Do not ask for what you will wish you had not got.
— Essays: Lucius Annaeus Seneca, 4bc-65ad

Over the years, Seneca’s observation has been modified many times. Another take was William Wymark Jacobs’1902 story, “The Monkey’s Paw.” Today’s version: “Be careful what you ask for — you just might get it!”

Such truisms came to mind the other day when in the daily press I read the news that once mighty, rich and invincible Bethlehem Steel had filed for bankruptcy. Who’d have thought a few decades back that such an outlandish thing would come to pass?

The Steel, as it is often referred to, has gone to the courts to keep worried creditors from its doors while it tries to continue making red-hot metal. The jury is still out as to whether its financial mettle is as sturdy as the steel from its blast furnaces or as soft as pliable lead we can bend with our fingers.

Probably, in Chesapeake Country, no other name in industry, commerce or development has been more damned than Bethlehem Steel for degradation of Chesapeake Bay. It was the whipping boy of early environmentalists, then referred to as conservationists.

The highfalutin words, ecology and environment didn’t figure much in conversation back in 1956 when I came to Baltimore to join the Sunpapers as their outdoor editor. Conservation was a broad umbrella that covered pollution or anything else that adversely affected land, atmosphere, wildlife, fish — and above all else our water.

Chesapeake’s Canaries
Back then as now, in the eyes of sportsfishermen, rockfish ruled the roost. These silvery creatures with black stripes — later to be become the official Maryland fish — were considered the barometer of the Chesapeake’s health.

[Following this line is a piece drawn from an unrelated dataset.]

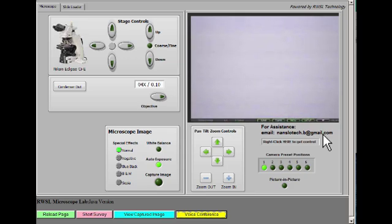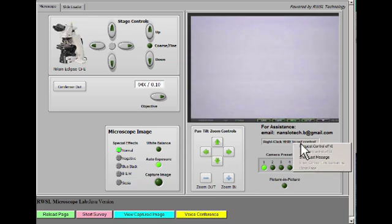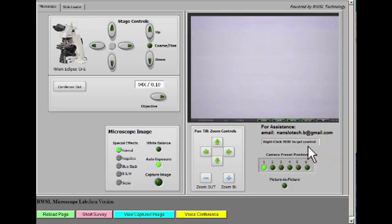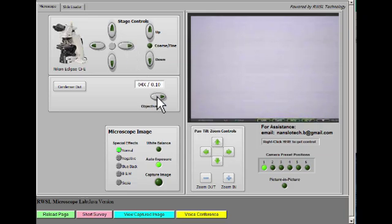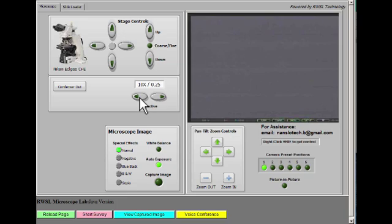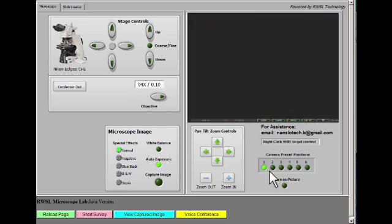Only one person can be in control of the interface at a given time, so just right-click on the desktop and select Request Control of VI. If you're the first to do this, the buttons will now respond to you.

They were to those who worked the Bay, both commercially and recreationally, what canaries were to miners.

Down in the mines, if the yellow bird keeled over, the air wasn’t right. Time to get out, that meant. On the Bay, if rockfish weren’t prospering, it was time to start worrying about the health of the Chesapeake — and pointing fingers. Oftentimes, the fingers were pointed at mighty Bethlehem Steel, in particular its massive plant on the shores of the Patapsco River whose confluence with the Chesapeake is just a long cast away.

In Bethlehem, Pa., the giant steel maker is better known as The Steel, but its complex on the north side of the Patapsco was by most called “The Point.” No need to say Bethlehem Steel at Sparrows Point. It was the biggest industry in the state, hired the most people, had the most influence, was possibly the most arrogant. It also could have been — as claimed — the biggest polluter — if one doesn’t take into consideration municipal sewage systems, which back then pretty much regulated themselves.

In the ’50s, evidence was emerging that our rockfish could be in trouble. Not big-time trouble, but not as many were being caught, and not as many big ones were on the hooks — even though in those days any striper more than 15 pounds was deemed illegal by the state and had to go back into the brine immediately.

The Point on the Patapsco
The old Tidewater Fisheries Commission, pretty much an arm or at least an agent of the commercial fishery, poo-pooed suggestions that rockfish might be in trouble. So did net fishermen; they didn’t want curtailments: Tasty rockfish represented one of their biggest profit makers.

The Maryland Saltwater Sportsfishermen’s Association wasn’t around then, but more zealous at the time were the long-disbanded Maryland Rockfish Protective Association, headed by president George Gambrill, and the Associated Sportsmen’s Clubs of Central Maryland under the leadership of Ed Long. Both were critics of Bethlehem Steel.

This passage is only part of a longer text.